Ausweitung der Public Cloud-Zone

In der Hälfte der Firmen stehen laut Forrester Investitionen in die Private Cloud ganz oben auf der Agenda. Aber weder in den größten Unternehmen noch in jenen mit der stärksten Public Cloud-Prägung sei es die IT, die die Bestrebungen anführe, so die Analysten. Stattdessen sei ein neuer Administratorentypus am Werk, der Private Clouds nicht als bloße Fortführung von Server-Virtualisierung begreife, sondern als Ausweitung der Public Cloud-Zone.

Eine ketzerische Ausgangsthese des Analysten-Duos lautet: Die Private Cloud sei in den meisten Firmen in Wahrheit überhaupt keine Cloud – auch wenn man das so nenne oder Software mit diesem Etikett verwende. Solange weder ein Self Service-Zugang für die Entwickler bestehe, noch alles standardisiert und automatisiert sei, noch ein Pay-Per-Use-Modell oder ein ähnlicher Mechanismus greife, handle es sich nicht um eine echte Private Cloud. Wenn die genannten Kriterien nicht erfüllt sind, sei laut Forrester lediglich eine effizientere, schnellere und bessere Virtualisierungs-Stufe erklommen.

„Hochleistungsvirtualisierung ist großartig", schreiben Staten und Nelson. „Wahrscheinlich läuft da alles automatisierter, gestraffter und kosteneffektiver ab als im vergangenen Jahr – und vermutlich wirft jeder investierte Dollar mehr ab als in einer früheren statischen Infrastruktur." Aber dabei gehe es nicht um Cloud-Mehrwert, und diesen Unterschied müsse man sich vergegenwärtigen.

Bei virtualisierten Apps handle es sich zumeist um klassische Windows- oder Linux-Anwendungen mit einer statischen Ressourcenkonfiguration. Demgegenüber seien Cloud-Apps ihrer Natur nach elastisch und kurzlebig. Sie sind laut Forrester so angelegt, dass sie wachsen können und mit anderen Web-Services in Austausch treten können. Und sie sind optimiert für Cloud-Umgebungen, zugleich hoch standardisiert und für mehrere Kunden zugleich gedacht.
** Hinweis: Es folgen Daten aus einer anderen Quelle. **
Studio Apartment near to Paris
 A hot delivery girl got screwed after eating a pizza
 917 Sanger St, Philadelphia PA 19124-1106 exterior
Vor diesem Hintergrund ist es laut Forrester zwecklos, aus der klassischen Anwedungsumgebung Cloud-Mehrwert schöpfen zu wollen.

Cloud geht top-down

Virtualisierung verlaufe bottom-up, Cloud Computing hingegen top-down, so Forrester. "Ein Teil der Ursache, warum sich Virtualisierungsadministratoren mit dem Bau einer Private Cloud so schwer tun, wurzelt in ihrer Perspektive", heißt es in der Studie. „Sie sehen die Cloud als linearen Fortschritt der bestehenden virtualisierten Umwelt." Ihr Blickwinkel sei technisch und operativ und auf das Delta zwischen traditioneller und cloud-basierter Welt gerichtet.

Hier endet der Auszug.